Ethernet-based Memory Fabric unveiled by Enfabrica, a potential game-changer in AI inference at a large scale.
In the world of AI, memory has become the star of the show. Generative AI models are growing more complex, context-aware, and persistent, requiring vast amounts of memory per user session. To address this challenge, Silicon Valley startup Enfabrica has unveiled a groundbreaking product called the Elastic Memory Fabric System (EMFASYS).
What is a Memory Fabric?
A Memory Fabric is an architecture that enables elastic, scalable, and high-bandwidth memory access across multiple compute nodes. It achieves this by combining two powerful technologies: RDMA over Ethernet and Compute Express Link (CXL). This approach transforms memory into a shared, distributed resource, allowing AI inference workloads to scale more efficiently without being shackled by the physical memory limits of any single node.
The Benefits of EMFASYS
EMFASYS sets the stage for more resilient AI clouds, where workloads can be distributed elastically across a rack or an entire data center without rigid memory limitations. Inference can scale without compromise, as resources are no longer stranded, and the economics of deploying large language models finally begin to make sense.
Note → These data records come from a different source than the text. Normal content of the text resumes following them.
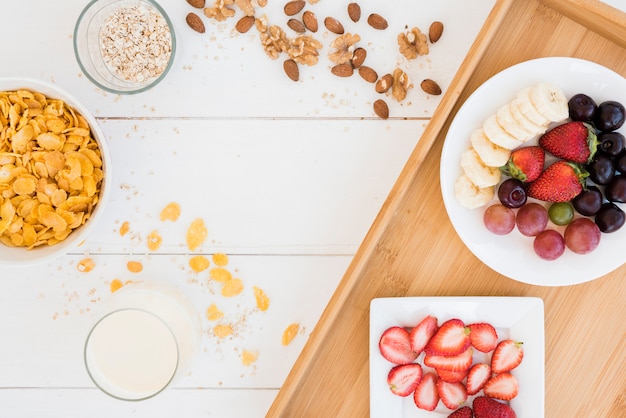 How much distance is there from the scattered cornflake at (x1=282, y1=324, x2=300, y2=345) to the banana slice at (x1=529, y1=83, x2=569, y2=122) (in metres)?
0.53

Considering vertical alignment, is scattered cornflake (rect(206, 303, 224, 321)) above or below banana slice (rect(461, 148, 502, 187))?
below

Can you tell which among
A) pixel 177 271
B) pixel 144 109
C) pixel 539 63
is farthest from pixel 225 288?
pixel 539 63

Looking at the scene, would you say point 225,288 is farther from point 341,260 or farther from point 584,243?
point 584,243

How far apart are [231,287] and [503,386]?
0.47 meters

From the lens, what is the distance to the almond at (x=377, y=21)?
3.50 feet

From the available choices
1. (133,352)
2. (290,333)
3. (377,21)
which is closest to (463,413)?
(290,333)

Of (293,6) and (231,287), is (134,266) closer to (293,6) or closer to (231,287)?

Here are some key benefits of EMFASYS:
- Expanding available memory capacity: Large AI models and workloads demand more memory than what GPU High-Bandwidth Memory (HBM) can economically provide. EMFASYS supplies extra DDR5 memory off-node that is reachable at low latency, thus accommodating these larger demands.
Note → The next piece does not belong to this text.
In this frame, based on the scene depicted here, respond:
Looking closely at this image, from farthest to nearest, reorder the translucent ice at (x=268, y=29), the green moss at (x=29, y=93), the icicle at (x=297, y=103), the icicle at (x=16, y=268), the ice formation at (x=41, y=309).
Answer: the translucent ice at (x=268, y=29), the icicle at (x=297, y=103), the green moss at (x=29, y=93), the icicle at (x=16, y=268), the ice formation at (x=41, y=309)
- Improving compute resource utilization: By offloading memory from GPU HBM to an external memory pool, GPUs are less likely to stall waiting for memory and avoid wasted expensive GPU memory resources. This leads to better GPU utilization and overall system efficiency.
- Enabling elastic bandwidth and capacity: Memory fabric systems like EMFASYS adapt memory bandwidth and capacity dynamically across racks and servers, which supports scaling AI inference workloads elastically, handling spikes without overprovisioning.
- Reducing costs per AI token generated: By balancing memory demands and optimizing token generation workload distribution, memory fabrics can reduce infrastructure costs significantly—by up to 50% per token in some reported cases—thus improving the economics of running large AI models at scale.
A Novel Approach to Decoupling Memory from Compute
The heart of EMFASYS is the ACF-S chip, a 3.2 terabits-per-second (Tbps) "SuperNIC". This device fuses networking and memory control into a single device, allowing servers to interface with massive pools of commodity DDR5 DRAM. EMFASYS uses standard Ethernet ports, allowing operators to leverage their existing data center infrastructure without investing in proprietary interconnects.
EMFASYS: A Key Enabler in the Next Generation of AI Infrastructure
EMFASYS is currently sampling with select customers, and major AI cloud providers are already piloting the system. Reuters reports that these cloud providers are positioning Enfabrica as a key enabler in the next generation of AI infrastructure.
In essence, EMFASYS is a commercially available Ethernet-based memory fabric system designed to address the core bottleneck of generative AI inference: memory access. It delivers a novel approach to decoupling memory from compute, allowing AI data centers to improve performance, lower costs, and increase GPU utilization. With EMFASYS, memory is no longer a supporting actor in AI systems; it is the stage, and Enfabrica is betting that whoever builds the best stage will define the performance of AI for years to come.
Data-and-cloud-computing technology plays a crucial role in the implementation of EMFASYS, as it is designed to be deployed in AI cloud environments. This technology enables AI workloads to scale efficiently across racks and data centers, addressing the memory challenges faced by generative AI models.
Furthermore, technology advancements, such as the ACF-S chip in EMFASYS, decouple memory from compute, transforming memory into a shared, distributed resource. This technology breakthrough is a significant step forward in data-and-cloud-computing, revolutionizing the way AI systems handle memory access and overall performance.